When brewing your tea, DON'T be stingy when it comes to the leaves. One of the major differences between western and gong fu brewing is the amount of leaf used per 100 ml of water. A higher leaf to water ratio will yield a more flavourful and potent brew. If you feel like you're "wasting" leaves by using more, especially if you've invested in high quality tea, know that the opposite is in fact true: With gong fu brewing, you will always go through multiple infusions of very rich and flavourful brews. A higher leaf to water ratio also results in much shorter brewing times: Waiting 2-3 minutes for a teabag to give you a mediocre cup of tea? With gong fu brewing, your first infusion is ready after around 20 seconds – sometimes even shorter depending on the tea type! A tiny amount of leaf in a large quantity of water will give you less tea overall and only a hint of the taste you might get by simply increasing the amount of leaf that you use.

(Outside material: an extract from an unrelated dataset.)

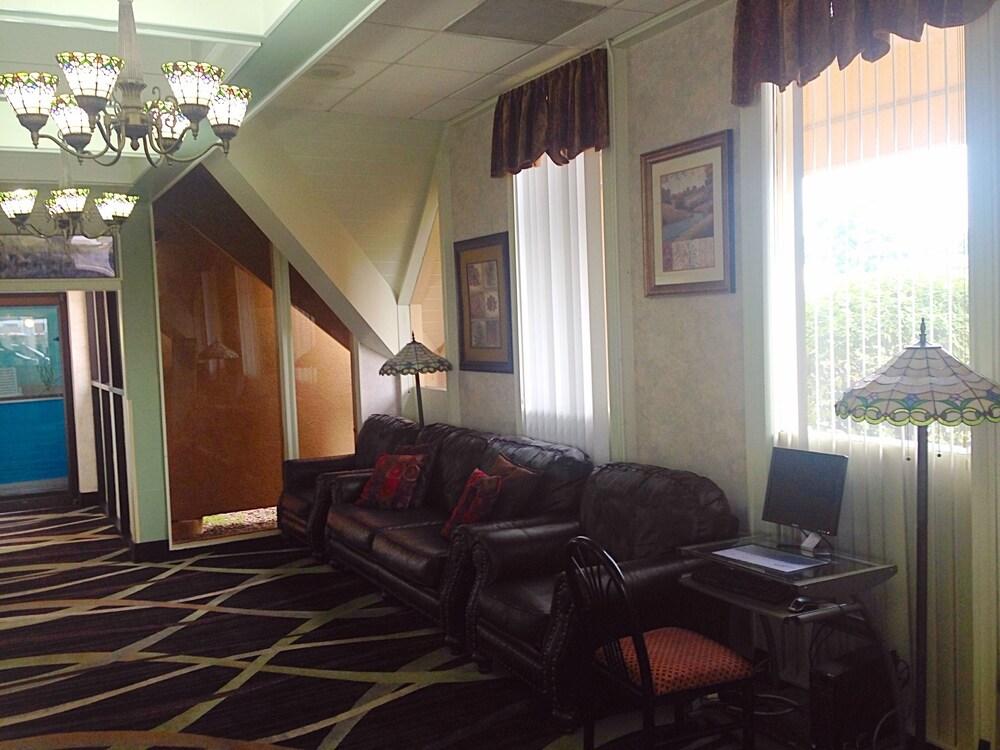 Quality Inn & Suites Near I-480 And I-29 كاونسيل بلافز المظهر الخارجي الصورة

DO pay attention to the water temperature. Depending on the type of tea, you should brew with hotter or colder water. While each individual tea has its own requirements, there are some general recommendations:
50-70℃: Japanese green teas (e.g. Sencha)
80-85℃: Chinese green teas (e.g. Long Jing), white teas (e.g. Bai Mu Dan), yellow teas (e.g. Huo Shan Huang Ya)
90-95℃: Black teas (e.g. Qimen Hao Ya), sheng/raw PuErhs (e.g. Ye Sheng Zi Ya)
99℃: Oolongs (e.g. Da Hong Pao), shu/ripe/cooked PuErhs (e.g. Gong Ting)
Water temperature is very often the reason why many people say they don't like green tea because it tastes "bitter". Green teas are rich in catechins, which are very healthy but do have a tendency to taste bitter. Brewed at the correct temperature, they are extracted slowly and over time – but many people just pour boiling water over their green tea, which extracts the aromatics very quickly, leading to the feared "bitter brew".
You can either invest in a temperature controllable kettle or use a thermometer to check temperature. Or you can rely on the ancient Chinese method of assessing water temperature by watching the size of the water bubbles: "Shrimp eyes" indicate a water temperature of around 70℃, "crab eyes" around 80℃, "rope of pearls" around 90℃, and "raging torrent" indicates boiling water.
While enjoying your tea, DO be sure to reinfuse the leaves. One of the joys of gong fu cha is travelling through many different layers and personalities of a tea. Remember to bump up the infusion time by around 5-10 seconds for each new brew. Coming back to the concern of "wasting" tea: A high quality oolong can easily give you six or more infusions, and for certain shu PuErhs we are talking about 12 or even 20 infusions. Gong fu brewing is the opposite of wasting tea, it is taking advantage of every single drop your leaves have to offer.
Finally, and maybe most importantly, DON'T rush through a tea session. While the traditional style of brewing tea is faster and results in higher quantities of very flavourful tea, it does require you to pay a bit more attention to what you are doing. But especially in such a hectic world, gong fu cha – the way of tea – can offer you an oasis of calm and introspection, whether at your desk in the office or at the shores of a forest lake.